License-File: LICENSE
Keywords: data,explorer,pyspark,spark
Classifier: Development Status :: 4 - Beta
Classifier: Programming Language :: Python
Requires-Python: >=3.11
Requires-Dist: pyspark>=3.5.1
Requires-Dist: textual>=1.0.0
Description-Content-Type: text/markdown

# Spark File Explorer
When developing spark applications I came across the growing number of data files that I create. 

## CSVs are fine but what about JSON and complex PARQUET files?

To open and explore a file I used Excel to view CSV files, text editors with plugins to view JSON files, 
but there was nothing handy to view PARQUETs. Event formatted JSONs were not always readable. What about viewing schemas? 

Each time I had to use spark and write simple apps which was not a problem itself but was tedious and boring.

## Why not a database?

Well, for tabular data there problems is already solved - just use your preferred database.
Quite often we can load text files or even parquets directly to the database. 

So what's the big deal?

## Hierarchical data sets

Unfortunately the files I often deal with have hierarchical structure. They cannot be simply visualized as tables
or rather some fields contain tables of other structures.

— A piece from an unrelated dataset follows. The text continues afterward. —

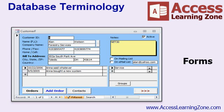Whether you're building a database just for yourself or for other people to work with, forms are a major time saver. You can display information however you want. You can include just the types of data that you want your users to work with. You can combine information from multiple tables, such as displaying a summary of a customer's orders on the customer form.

Each of these structures is a table itself but how to load 
and explore such embedded tables in a database?

## For Spark files use... Spark! 

Hold on - since I generate files using Apache Spark, why can't I use it to explore them?
I can easily handle complex structures and file types using built-in features. So all I need is to build a use interface 
to display directories, files and their contents.

## Why console?

I use Kubernetes in production environment, I develop Spark applications locally or in VM. 
In all environments I would like to have _one tool to rule them all_.  

I like console tools a lot, they require some sort of simplicity. They can run locally or over SSH connection on 
the remote cluster. Sounds perfect. All I needed was a console UI library, so I wouldn't have to reinvent the wheel.

## Textual

What a great project [_textual_](https://textual.textualize.io/) is! 

Years ago I used [_curses_](https://docs.python.org/3/library/curses.html) but 
[_textual_](https://textual.textualize.io/) is so superior to what I used back then. It has so many features packed in
a friendly form of simple to use components. Highly recommended.

# Usage

Install package with pip:
    
    pip install pyspark-explorer

Run:

    pyspark-explorer

You may wish to provide a base path upfront. It can be changed at any time (press _o_ for _Options_).

For local files that could be for example:

    # Linux
    pyspark-explorer file:///home/myuser/datafiles/base_path
    # Windows
    pyspark-explorer file:/c:/datafiles/base_path

For remote location:

    # Remote hdfs cluster
    pyspark-explorer hdfs://somecluster/datafiles/base_path

Default path is set to /, which represents local root filesystem and works fine even in Windows thanks to Spark logics.

Configuration files are saved to your home directory (_.pyspark-explorer_ subdirectory). 
These are json files so you are free to edit them.